Wrapped SD100 #2045 at the San Ysidro International Transportation Center.
If you follow the sign you can quickly find the new and improved pedestrian route to Mexico. Because I did not have my Uncle Sam Card with me I chose not to leave fare control at this time.
Also present at the border is the San Diego and Arizona Eastern Railway, which was built in the early 20th Century to provide San Diego with a direct eastward rail link to avoid having to send traffic north 200 miles through LA. The only way to build the line through the impassible terrain east of the City was to go into Mexico and over the years as this sort of local rail traffic fell and short lines took over there is no longer any cross-border rail traffic, at least at the San Diego end. What does exist is a huge fortified gate that looks like something from a dystopian Sci Fi novel. Interesting to note that the San Ysidro freight station has a box car pulled up to the platform.
Mexican Flag flying over the border crossing. I thought I was going to get all kind of harassment trying to take pictures from the end of the SDAE rail line, but when I approached a Border Patrol vehicle to ask permission there was nobody inside and I was able to take all the pictures I wanted without incident. Compare to earlier this week in Newport News, VA where a local cop bitched me out for taking pictures from a public grade crossing because of "terrorism".
New Toll booths and vehicle inspection areas were under construction at the San Ysidro border crossing. This is where Interstate 5 begins/terminates.

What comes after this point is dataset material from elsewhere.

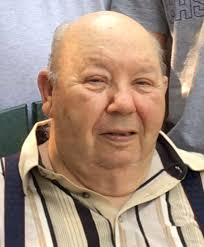 Robert A. Richter Obituary February 1, 2022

SD100 #2013 back at the San Ysidro International Transportation Center.
Some C&S guys at work that one of the new interlocked crossovers on the Blue Line. Again, to save costs, the Blue Line was original completed with a simple ABS signaling scheme with few interlockings. In order to increase the amount of freight traffic that can be run each night after the Light Rail trains stop running the MTS spent a fair chunk of change to add more crossovers and some form of CTC,
USS Essex (LHD-2) was being refit at the San Diego naval shipyard.
#4019 at the Green Line terminal at 12th and Imperial.

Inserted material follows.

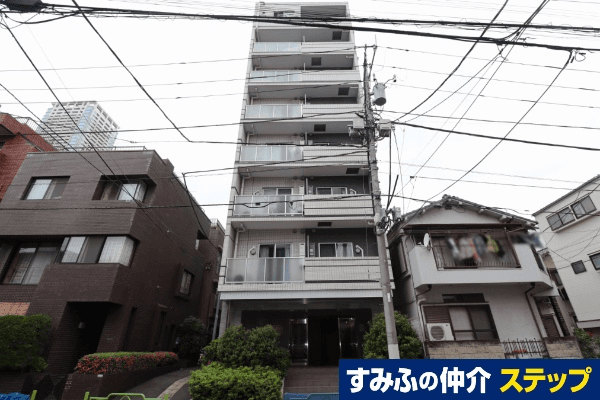 post-image, 20250520680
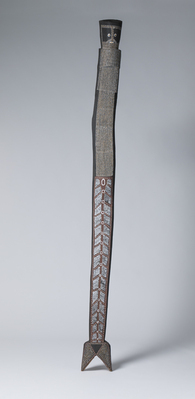 1995.0255.01.jpg; 1995.0255; ;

End on view of #4019 at the Convention Centra station.
While waiting for the 1pm departure I went out and got some photos of my Pacific Surfliner train. F59PHI #454 would be providing power that day.
Pacific Business class Surfliner #6804. The Pacific Business class much better than Amtrak's usual take on the subject with a complimentary newspaper, snack pack and beverage which can include wine. Yum yum.
Surfliner cab car #6906. Yes that is a normal Superliner coach back in the consist.
I will leave you with this nice Santa Fe tilework inside the Santa Fe depot.